Wonderful post! I have twins about to turn 2 years old. I plan on home schooling them. This post reinforces what I’ve always believed and known to be true and makes me excited about the years to come with my kids! The only way I can home school in VA without a degree is to give my kids a very traditional outline. But I plan on working through and around that. I think my number one focus will be to give them permission to follow their passions as they come and go.

Thanks!

Mariann Tausch
July 12, 2011 6:59 am

Thank you! Thank you! Thank you! This is the path we’ve chosen to take with our triplet daughters. Most don’t understand it. There is such a disciplined attitude about education, that the fun has been lost. Thank you!!! I’m so blessedly happy to find there are more like us out there!!!

So if I am to unschool my whole life, I should think that parents’ and kids’ opinions and ideas have the same validity regardless of personal experience? So if my daughter really wants to climb on the roof because she can get really close to a birds nest she’s interested in, her opinion on the matter should carry the same weight as my experienced perspective that the roof is slippery and dangerous?

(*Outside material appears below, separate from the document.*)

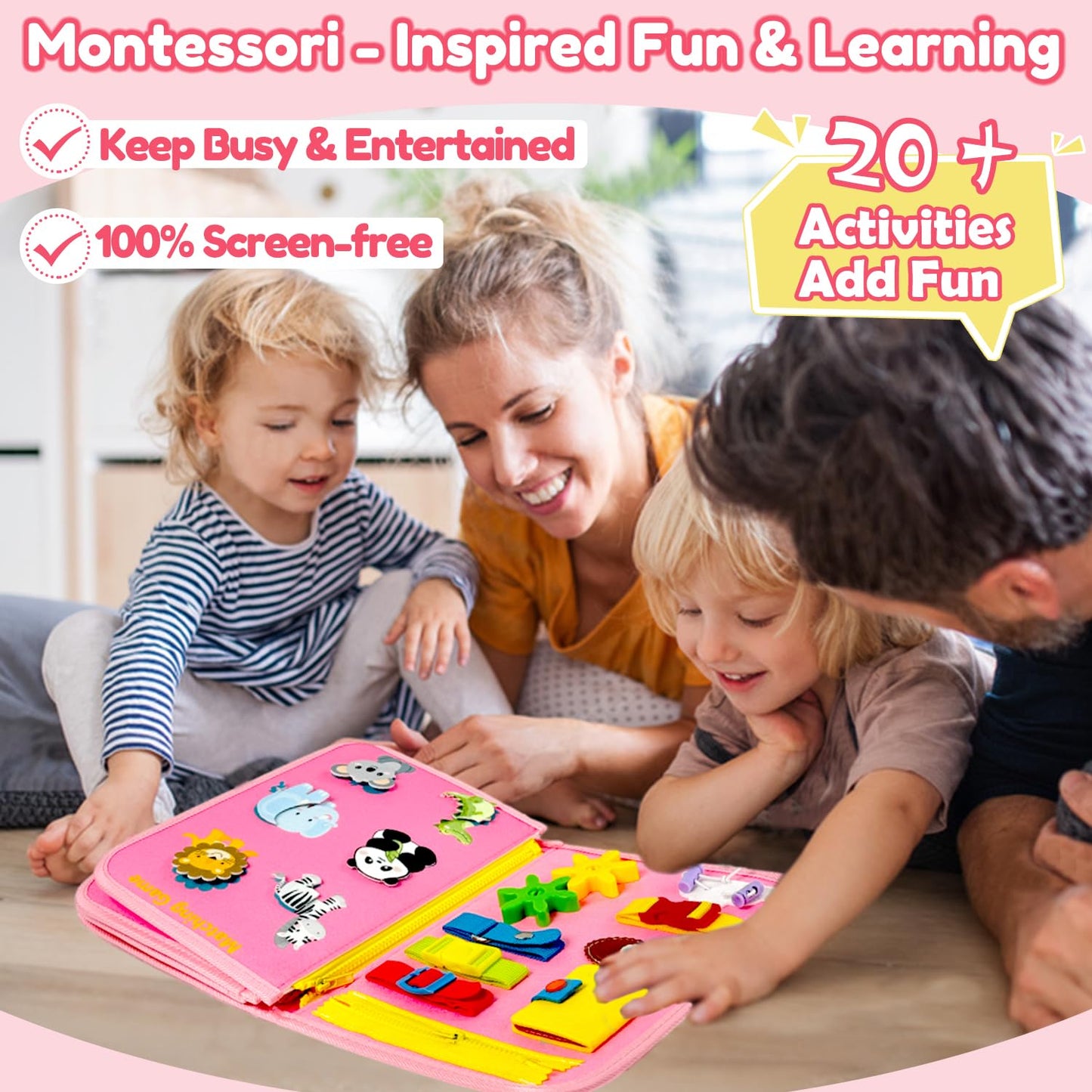 Qizfun Toddler Busy Board Montessori Toys – Sensory Busy Book, Educational Learning Travel Toy for Airplane & Car, Keeps Toddlers Engaged, Birthday Gifts for Toddler Girls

The second question I have is with the unschool idea that people are inherently good. If goodness in inherent, then why does goodness need to be taught to children? Children don’t inherently share their toys, or filter their words so they don’t hurt people’s feelings. They learn these things (or in the case of many parents – don’t) from observing their parents, or having goodness demonstrated.

Have you read the lord of the flies?

TheOrganicSister
July 12, 2011 12:56 pm

Thanks for your comment. I’m glad to see this idea has you thinking deeply on the matter. :)

Yes, your daughter’s desire to see the bird’s nest and your desire to keep her safe are both *valid*…valid meaning they are equally as important to each of you, respectively. Your role as her parent is to help her navigate the world, using your experience and knowledge to do so in a way that is safe. The roof can be dangerous, but with your help I’m sure you can use your wisdom and experience to help her meet her need for learning and satiate her curiosity in a way that is safe. That might look like helping her climb the roof or it might look like finding a different way to view the nest. Together you can figure that out.

And yes, most definitely, your child is inherently good. When you looked into her newborn face the first time I’m sure you felt her inherent goodness and perfection. She was just born into a messy world. You’re not teaching her to be good. You’re helping her navigate the world and our social structure. And we work best when we do that with love and compassion for their learning curve.

I would add something about redefining gender and allowing others to define their own gender and gender roles. And celebrating them.

I do love that you put in a bit about being respectful of difference but also drawing clear boundaries. Boundaries are SO important, and so often forgotten in so-called ‘tolerant’ spaces, especially the more politically correct those spaces are. Ymmv of course, but that is my experience.